At the federal level, same-sex couples are considered legally married following the Supreme Court's ruling that Section 3 of DOMA was unconstitutional. Previously, those couples were required to file federal tax returns as unmarried individuals. Under the new framework, the federal government does not distinguish between same-sex marriages and opposite-sex marriages. The federal government therefore treats the taxes of same-sex married couples the same way it treats those of opposite-sex married couples. Following Windsor, the federal government has allowed same-sex couples to file tax returns using either the married-filing-jointly or married-filing-separately option. These filing choices affect applicable tax deductions and tax rates. For same-sex couples living in states that do not recognize their marriage, the IRS has provided guidance to address their situation: couples may file as married at the federal level, or they may allow the state in which they reside to determine their marital status under state law (IRS, 2014).
"Mueller, Merrill, and Gill tax court cases reviewed"

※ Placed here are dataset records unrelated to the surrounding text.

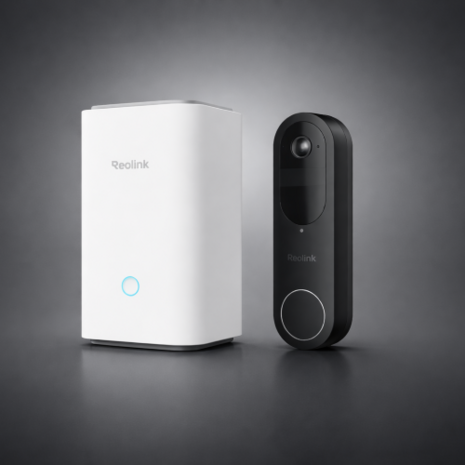 Reolink Smart 2K bedrade/draadloze oplaadbare slimme wifi videodeurbel zwart + Home Hub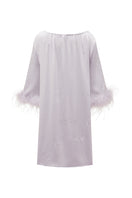 Light purple feather short robe with rhinestones, stylish midi dress from Not Just Pajama featuring elegant feather details.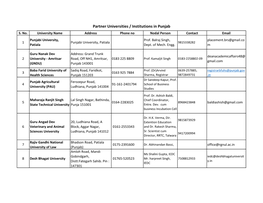 Partner Universities / Institutions in Punjab S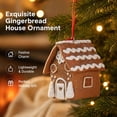 thumbnail image 5 of Christmas Gingerbread House Ornament, Mini House Hanging Ornament, Brown Icing Roof Design for Christmas Tree, Wreath, Garland and Festive Holiday Display, 2.75 Inch, 5 of 7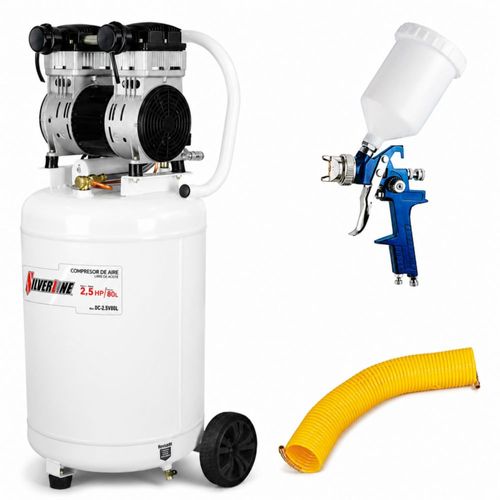 Kit Compresor Libre de Aceite 80L 2.5 HP + Manguera + Pistola para Pintar HVLP Silverline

The tax issues of same-sex partners had been controversial for more than two decades in the United States because the federal government refused to recognize same-sex marriages. The Clinton administration formalized that non-recognition by signing DOMA into law in 1996. The law defined marriage as a union between a man and a woman serving as husband and wife, which caused the IRS to deny same-sex partners the ability to jointly file taxes or claim tax credits as a married couple.